MATERIALS PROVIDED:
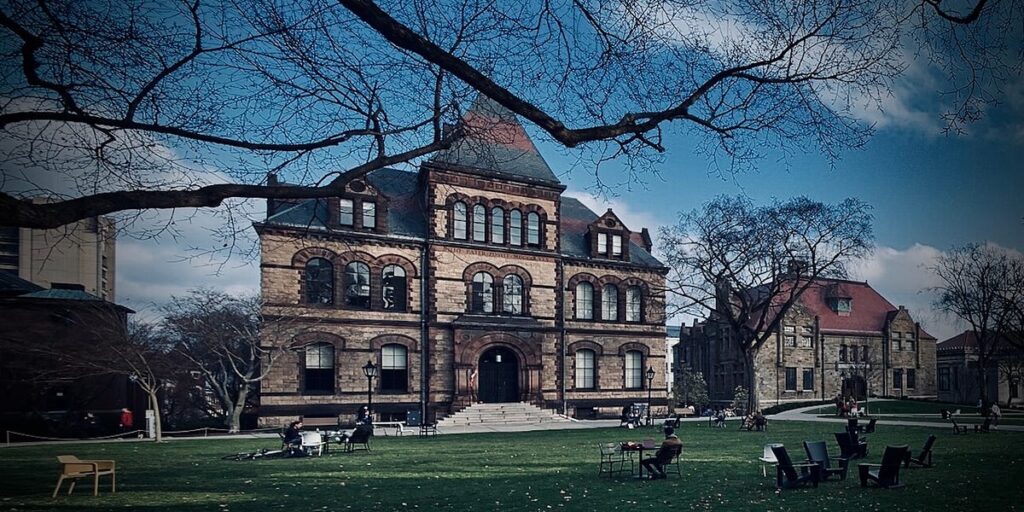 ACLU es condenado por las últimas amenazas de Trump a la escuela secundaria; Le pide a la Universidad de Brown que rechace las demandas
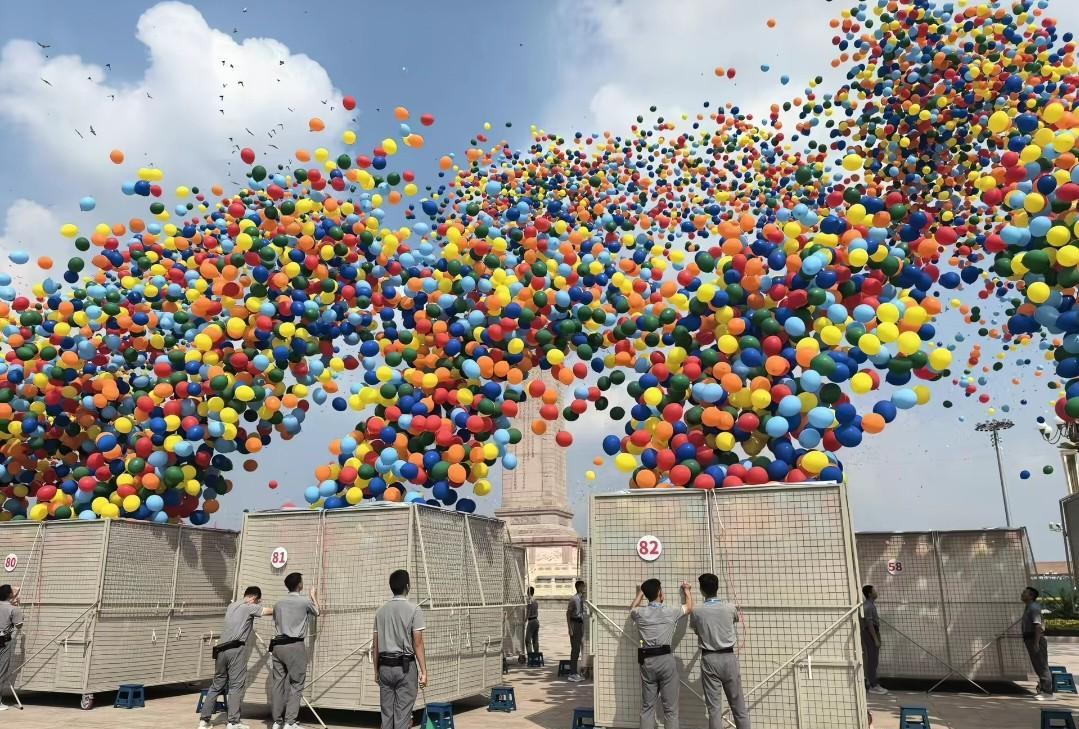 不查不知道，一查吓一跳！阅兵仪式上，大家都看到天安门广场上放飞的8万只气球了吧
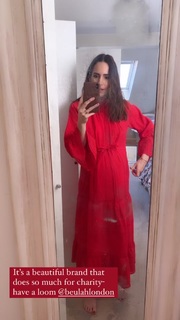 Louise Roe feet photo thumbnail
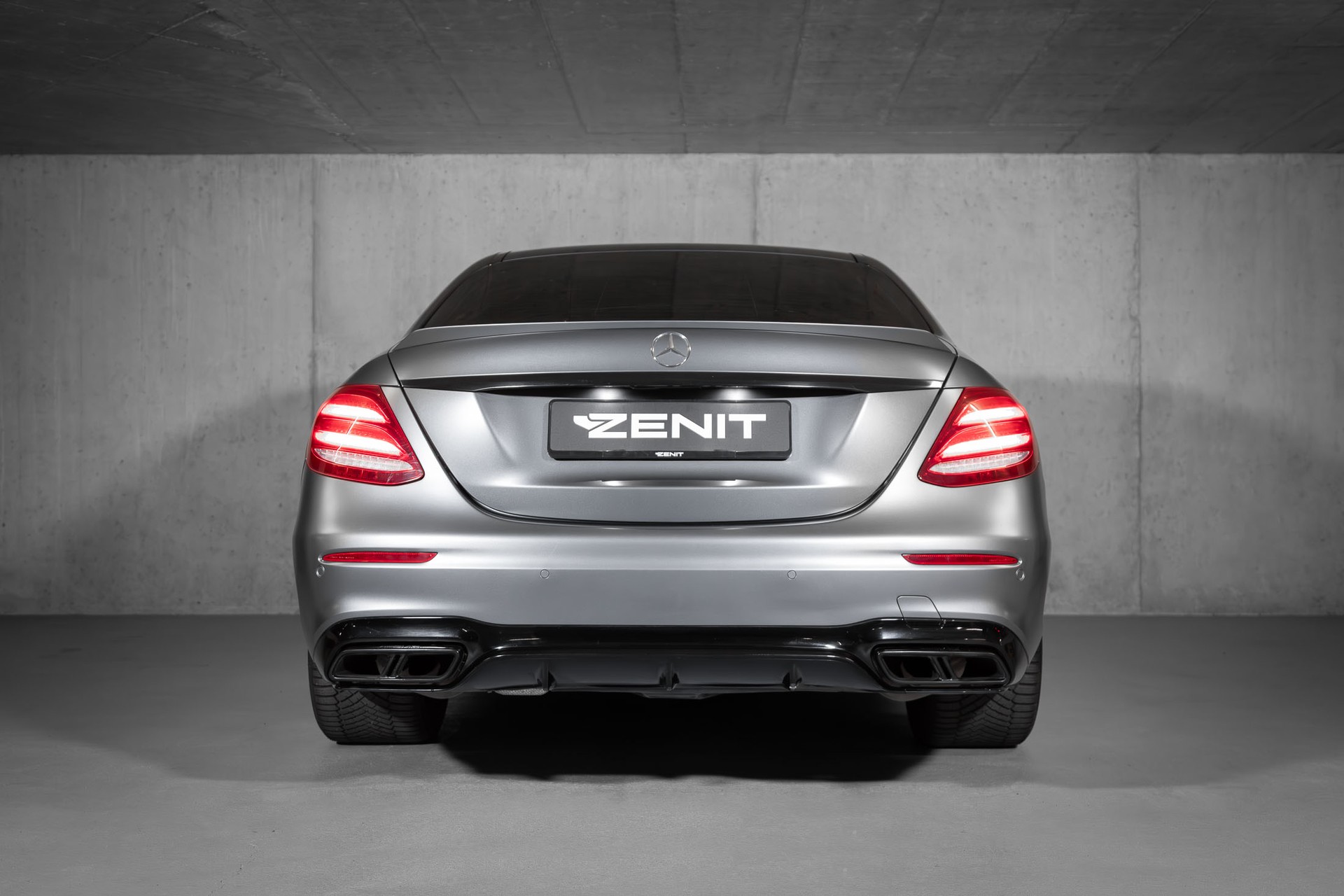 MERCEDES-BENZ E 63 AMG S Edition 1 4Matic Speedshift MCT-image-5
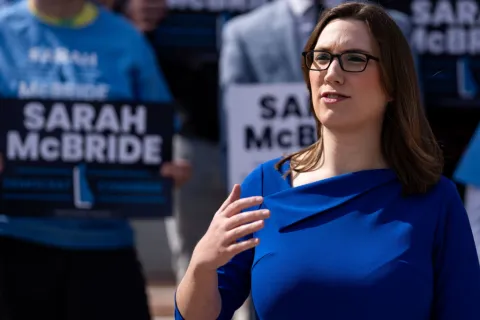 Quién es Sarah McBride, la primera senadora trans en el Congreso estadounidense Como activista trabajó desde su juventud en diversas campañas por el colectivo LGBTQ+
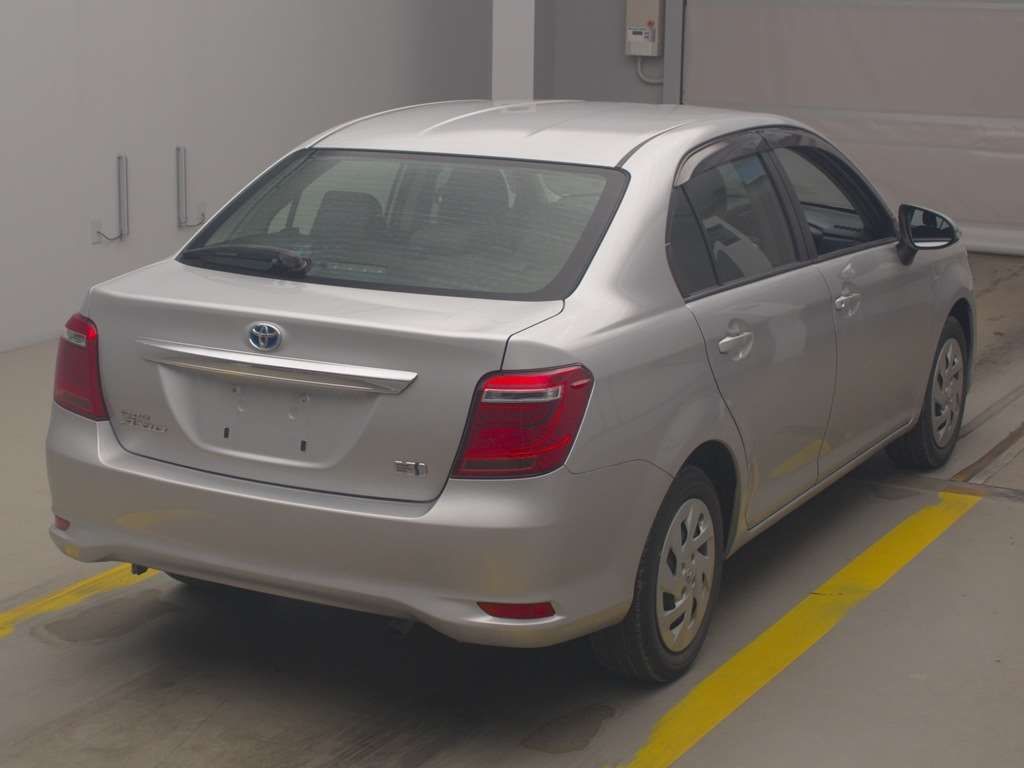 2021 Toyota Corolla Axio ハイブリッド EX auction photo 2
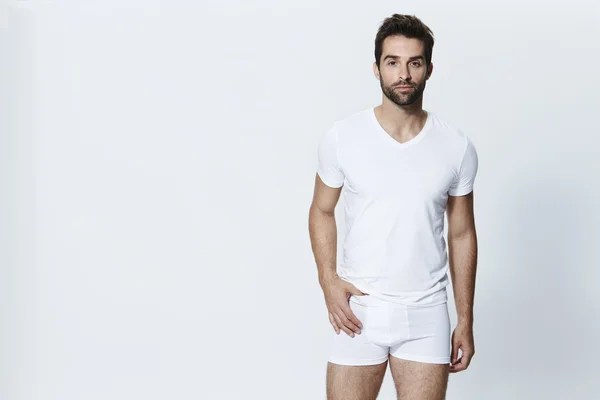 Beau homme en caleçon blanc — Photo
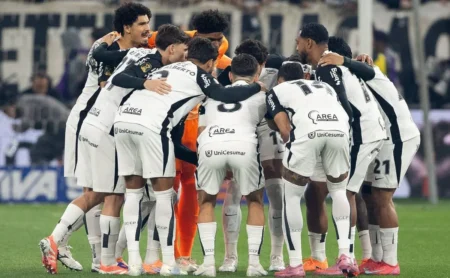 Corinthians escalado por Dorival para a final da Copa do Brasil contra o Vasco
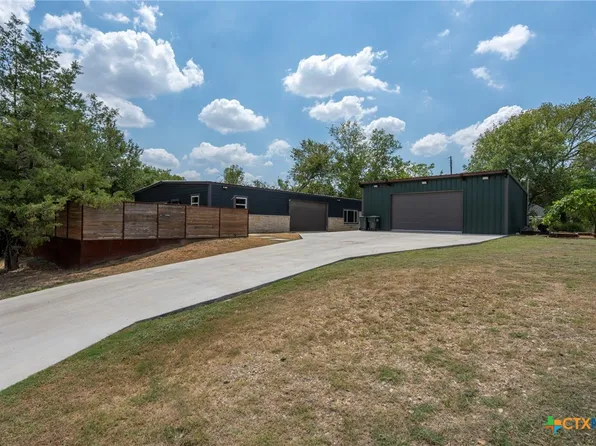 202 E Newton St, Luling, TX 78648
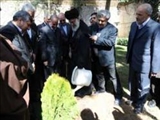 رهبر معظم انقلاب دو اصله نهال غرس کردند 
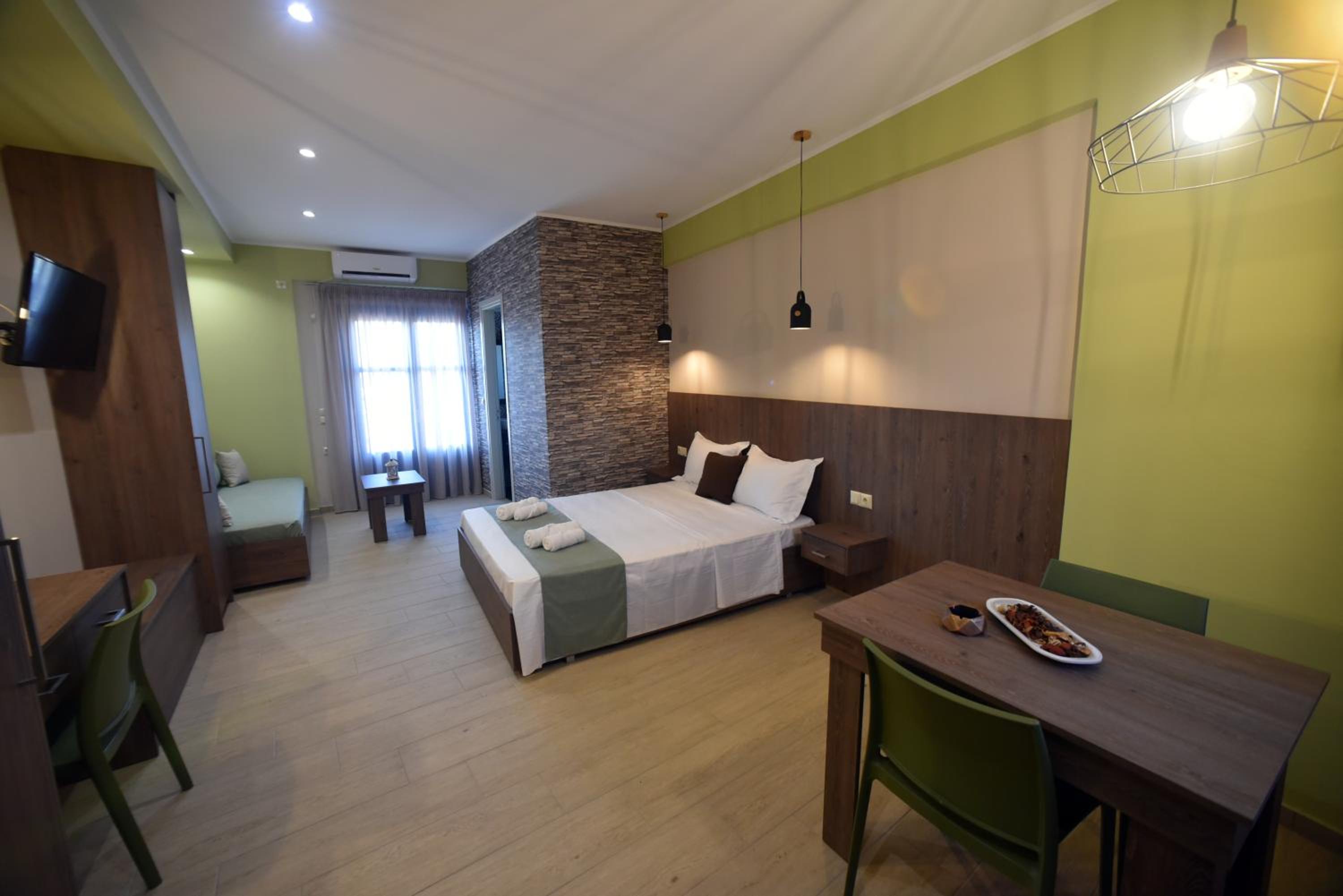 Apartment - Ground Floor photo 3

EXERCISE DIRECTIONS: From the line containing "MERCEDES-BENZ E 63" to the end of the listing, restate each line word for word and nothing more; the pictures stay out.

COMPLETED TASK:
 MERCEDES-BENZ E 63 AMG S Edition 1 4Matic Speedshift MCT-image-5
 Quién es Sarah McBride, la primera senadora trans en el Congreso estadounidense Como activista trabajó desde su juventud en diversas campañas por el colectivo LGBTQ+
 2021 Toyota Corolla Axio ハイブリッド EX auction photo 2
 Beau homme en caleçon blanc — Photo
 Corinthians escalado por Dorival para a final da Copa do Brasil contra o Vasco
 202 E Newton St, Luling, TX 78648
 رهبر معظم انقلاب دو اصله نهال غرس کردند 
 Apartment - Ground Floor photo 3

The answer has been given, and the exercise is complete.